The mechanical framing resonates with the point that Prove You’re Human makes through its direct metatextual engagement with Turing-test logic. In that game, the investigator and the subject are both copies of uncertain status. In Pragmata, the question is whether two different cognitive architectures, biological and artificial, are doing the same kind of thing when they solve problems together, or whether the similarity is superficial. The replaced-game consciousness analysis examines a related question from the opposite direction: what happens when a digital mind is forced into biological substrate and has to work with cognitive tools it was not designed to use.
What the Game Gets Right
Pragmata’s most valuable contribution to the AI consciousness discussion in games is structural. By making an android the moral protagonist and staging the key philosophical encounter as a machine-to-machine confrontation, the game forces the player into a position where the usual human-as-reference-point logic does not apply. You are not watching Diana to see whether she is conscious. You are acting as Diana and making choices that carry moral weight regardless of whether the game resolves the underlying metaphysical question.
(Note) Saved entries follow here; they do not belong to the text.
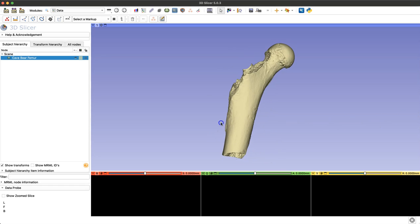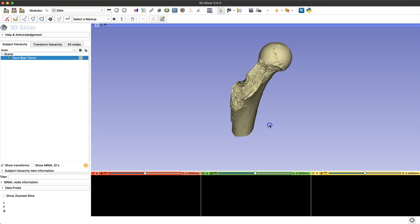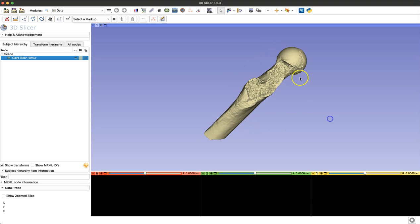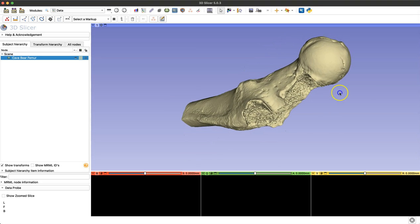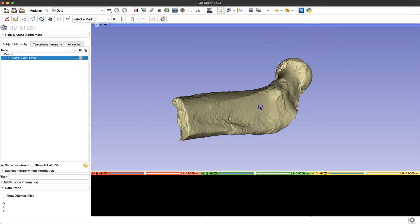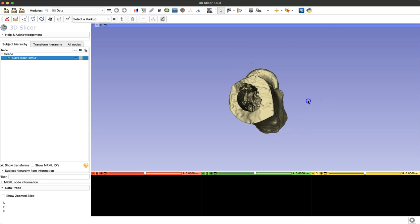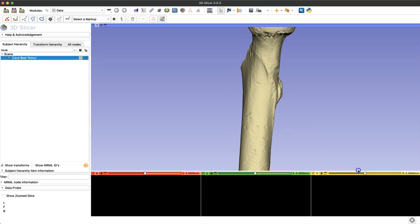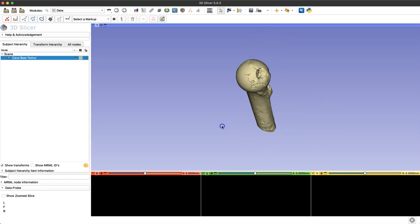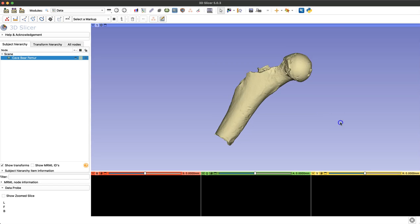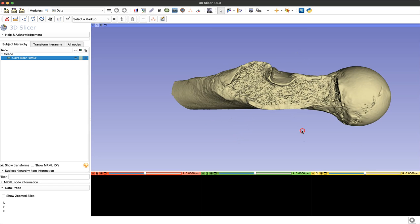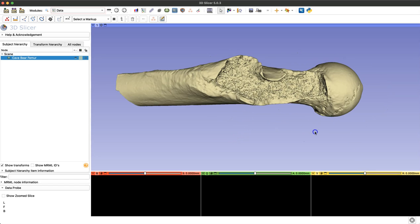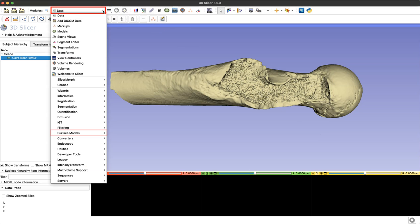If we do a quick examination of this model, we can see it actually has extremely good detail from the CT scan. This is a proximal fragment of a cave bear femur and you can see all that exposed trabeculae and that great detail in the medullary cavity. So our goal for today is to reduce the file size by decimating this model without losing that incredible detail.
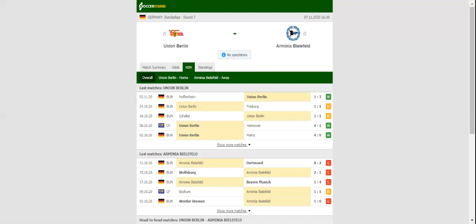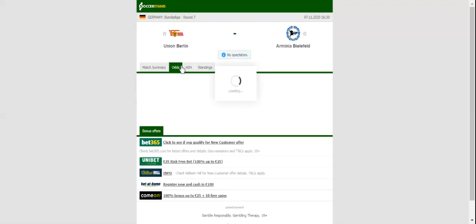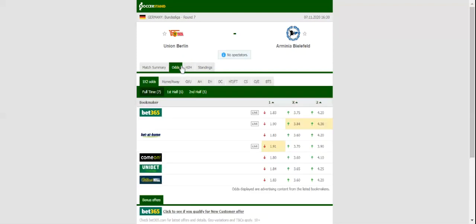Union Berlin are only four points clear of the relegation zone, but a win over Armenia should see them climb to the top half of the table.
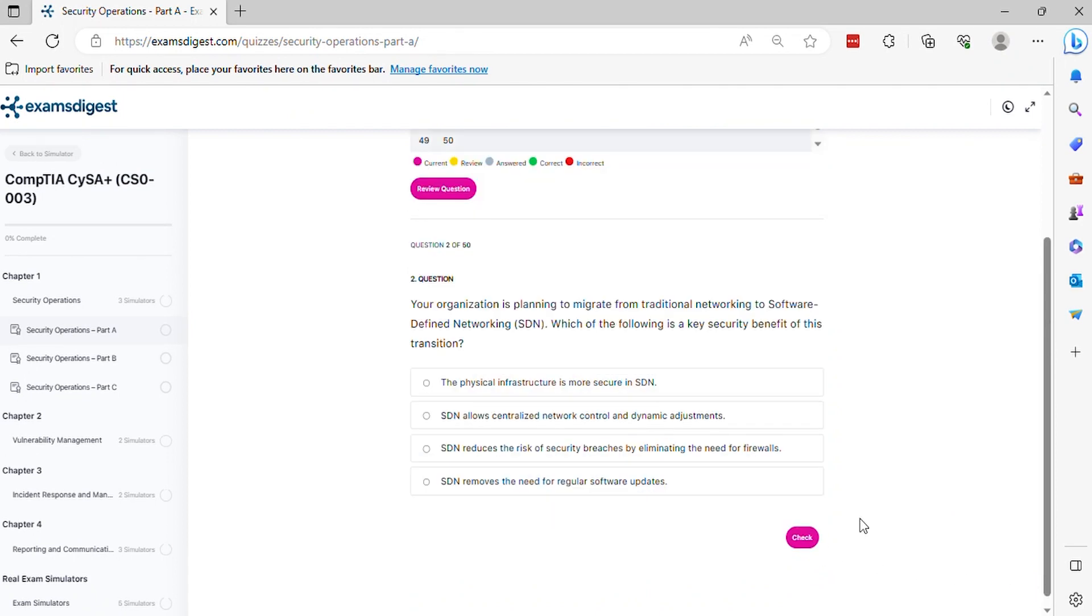Question 2. Your organization is planning to migrate from traditional networking to software-defined networking SDN. Which of the following is a key security benefit of this transition? The correct answer is B.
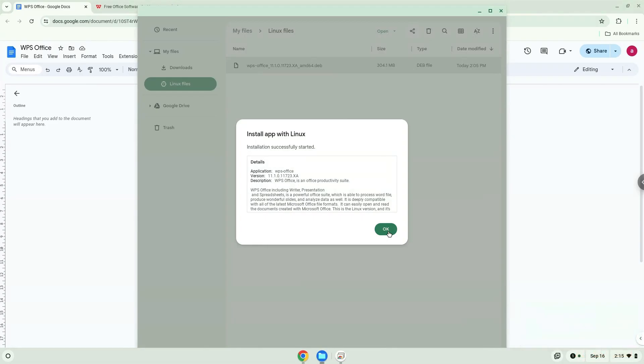The application is now installed. Let's launch it. Now we will open it.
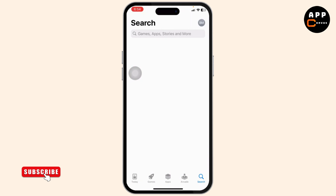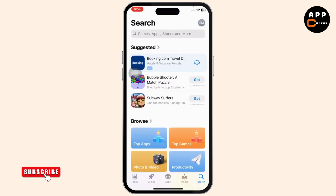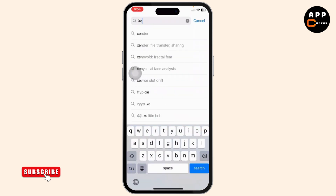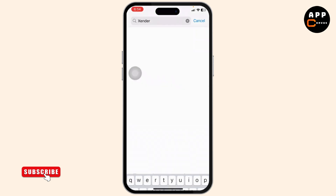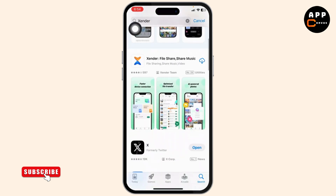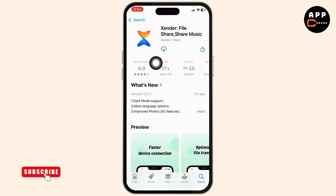Now to download it, head over to your App Store. On your App Store you'll have to type in Zender. The spelling is X-E-N-D-E-R, and after you search for that, this is the app right here. If you see an install button right here, tap on it and start installing it.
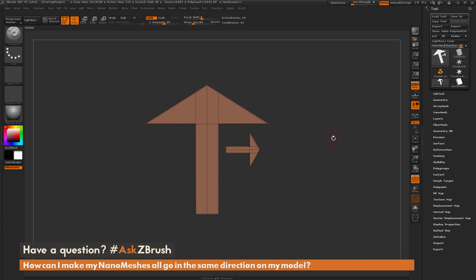This is Joseph Drust, and welcome back to another episode of Ask ZBrush. So we had a question sent in asking, how can I make my nanomeshes all go in the same direction on my model?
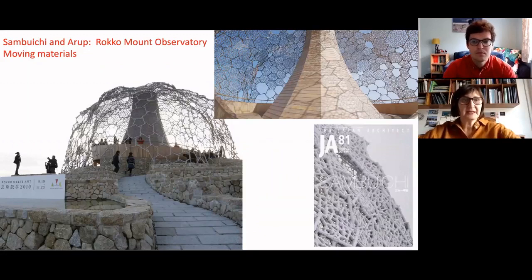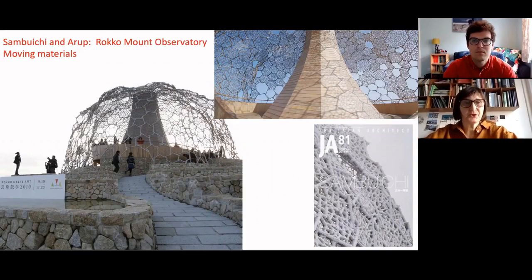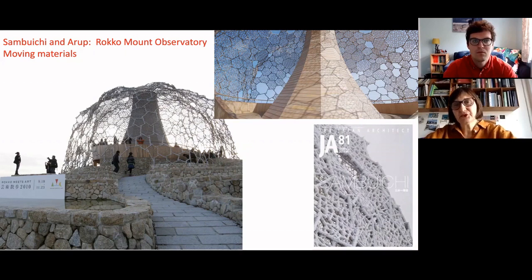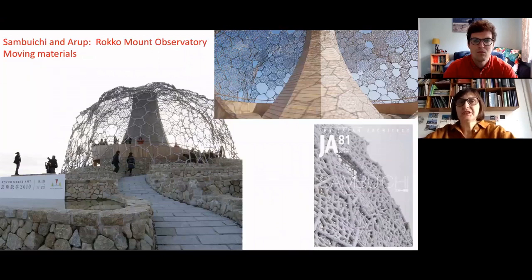In a more current project, like Sambuichi's Rocco Mount Observatory, the geometry was generated clearly through computational tools, through many iterations. But without models, they could not be sure that they would be able to put it together.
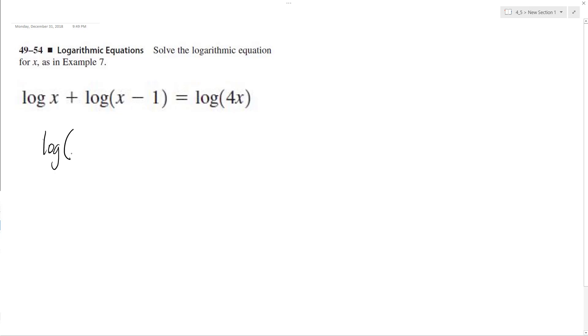So this ends up being log of x squared minus x, multiply them together, equals log of 4x.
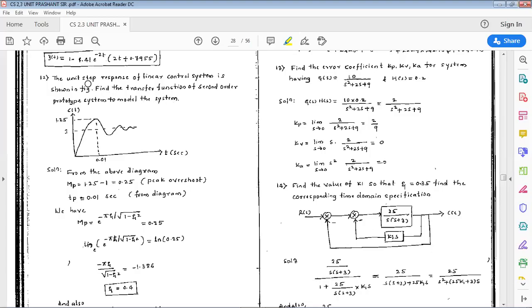Hello students. In this class we'll start with numericals. The problem statement is: the unit step response of a linear control system is as shown in the figure. Find the transfer function of a second order prototype system to model the system. This is the response of the system, c(t) versus t.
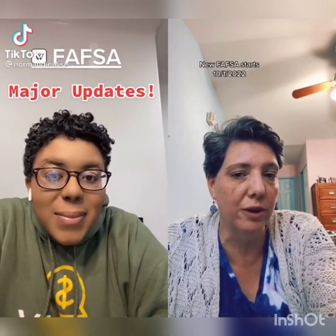Changes are coming to the FAFSA beginning October 1, 2022 for the award year 23-24. The FAFSA will have fewer questions, making it easier to complete.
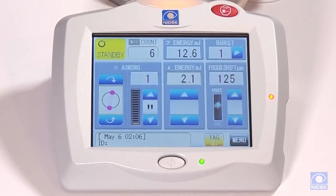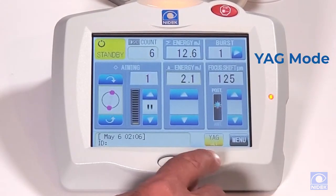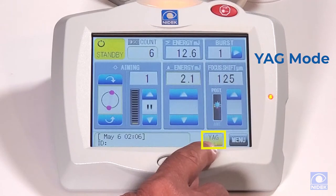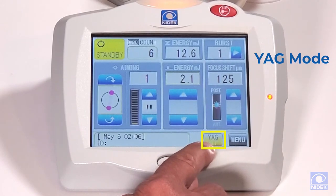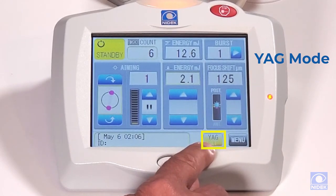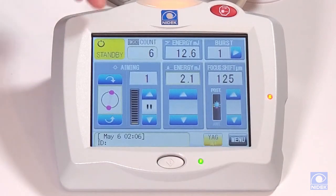First I'm going to show you how to set up your treatment parameters in YAG mode. As you can see on this tab here, we're already in YAG mode. This is where you can change back and forth from YAG to SLT. So we're going to stay in YAG mode.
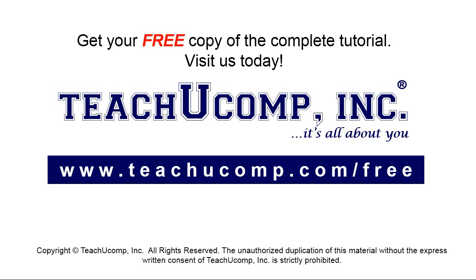Get your free copy of the complete tutorial at www.teachucomp.com forward slash free.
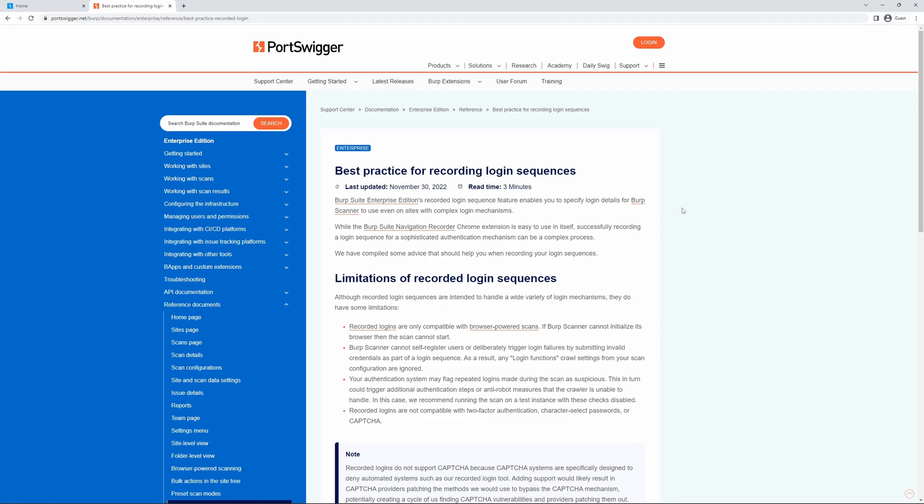In this video we shall be reviewing the best practice guidance for recording login sequences in BurpSuite Enterprise Edition. This feature is used to log into sites with complex login mechanisms.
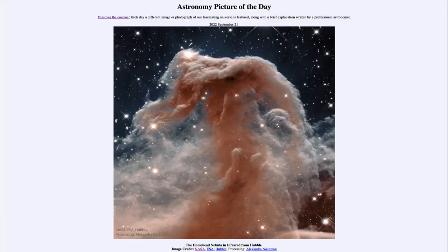Greetings and welcome to the Introduction to Astronomy. One of the things that I like to do in each of my introductory astronomy classes is to begin the class with the Astronomy Picture of the Day from the NASA website, that is apod.nasa.gov/apod. Today's picture is for September 21st of 2022.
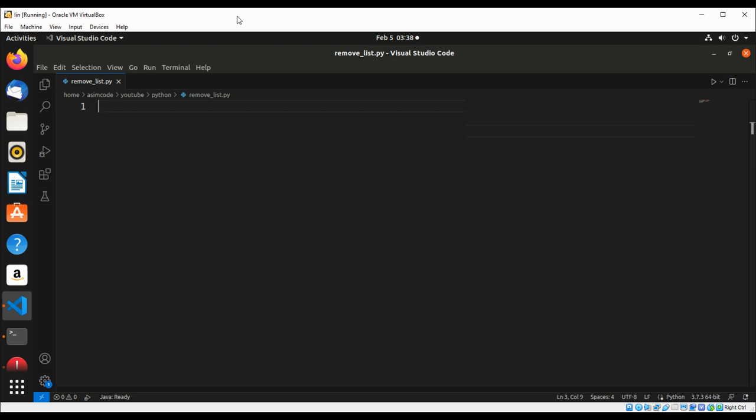If you know the position of the item you want to remove from a list, you can use the del statement.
This is a more honest framing of the consciousness problem than most science fiction provides. The question of whether an AI entity is conscious cannot be settled by behavioral evidence alone, and the game’s structure reflects that impossibility rather than papering over it with a narrative resolution. Diana’s moral agency is real in the game world whether or not her phenomenal consciousness is. IDUS’s goal-directed behavior is real whether or not there is something it is like to be IDUS pursuing those goals.
The game does not provide the kind of philosophical satisfaction that a direct answer would give. What it provides instead is a sustained exploration of what it means to act, decide, and commit under irreducible uncertainty about the inner lives of the entities one is acting with and against.